Another replied, "She'll [still] get into college even with taking a few weeks off. Focus on her long-term well-being and not short-term academics. Yes, get her teachers and the school staff involved. Your daughter would also likely benefit from counseling or a support group. She is asking for help. Give it to her."
"She lost her MOTHER TWO WEEKS AGO. She deserves to have that time off!" said a third Redditor. "It's not like she's bulls------- for no reason. She, at 16 [years old], has to cope with the fact that her mother won't be there to help her get ready for prom, graduation, or college formal ... she won't be there for her one-day wedding, or if she has kids, the[ir] births. She's struggling with the fact her mother is GONE. You can get remarried, she can't get another mother."
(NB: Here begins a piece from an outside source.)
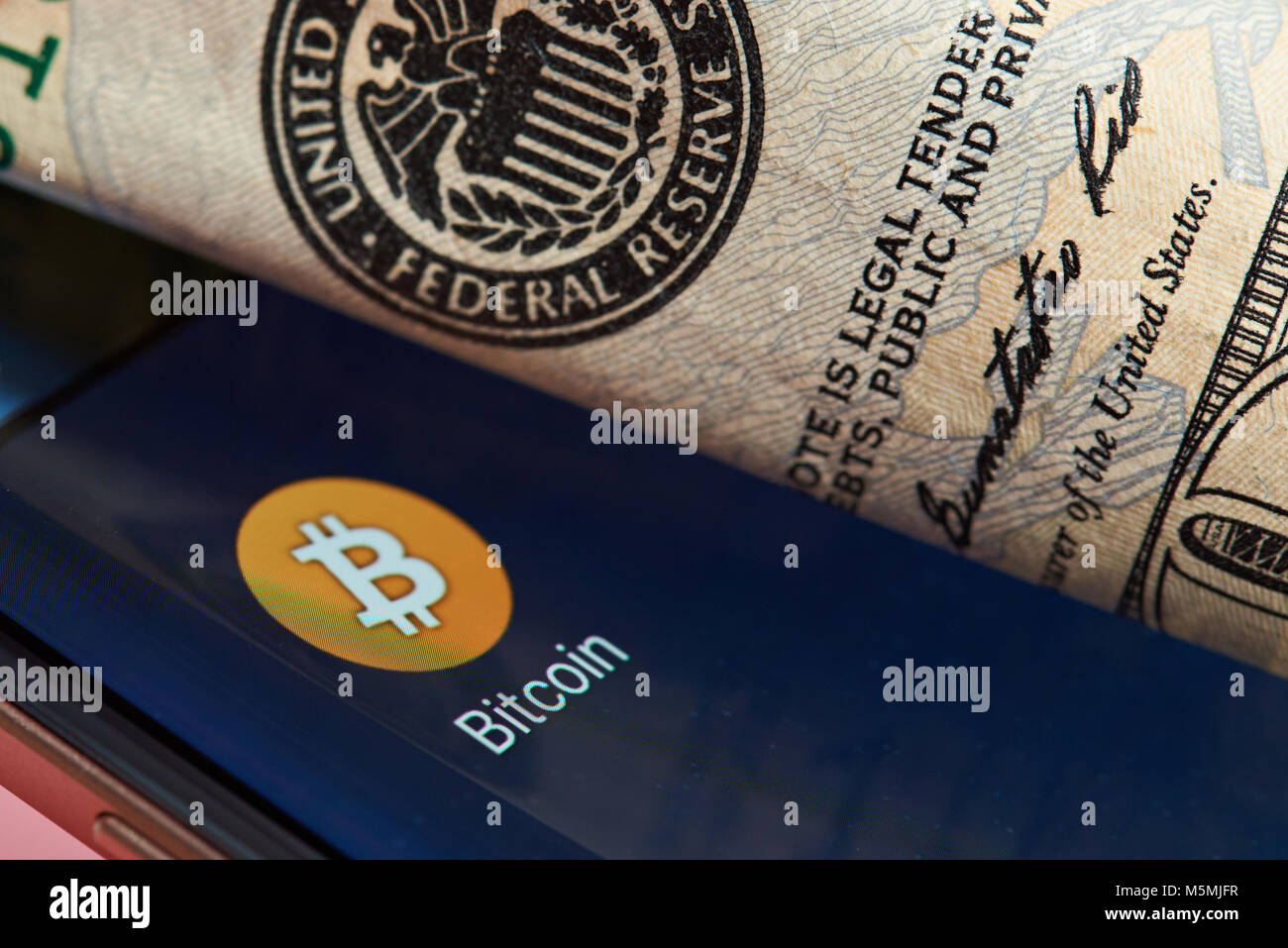 New York, USA - 26. Juni 2017: Bitcoin gegen Dollar System. Bitcoin Smartphone-anwendung close-up gegen Federal Reserve System. Stockfoto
Others told the OP that although his daughter is going to school, her grades will still suffer: "As a teacher, I can tell you that she's not learning or processing anything," someone explained. "You're actually jeopardizing her academics right now since she's distraught and distracted."
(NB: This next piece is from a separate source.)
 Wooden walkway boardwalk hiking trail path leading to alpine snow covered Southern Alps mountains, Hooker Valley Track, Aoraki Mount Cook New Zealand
Another Redditor added, "I understand your concerns that her academic performance may slip, but to be honest, if she isn't allowed the time she needs to grieve, her grades are going to slip anyway. And moreover, if they do, that's OK. She will have a future anyway, even if she gets bad grades at this point."
"Her grades are going to slide. That is inevitable. It is part of grief. So plan for it," another person commented. "If you pick on her for that inevitable thing you are an a------."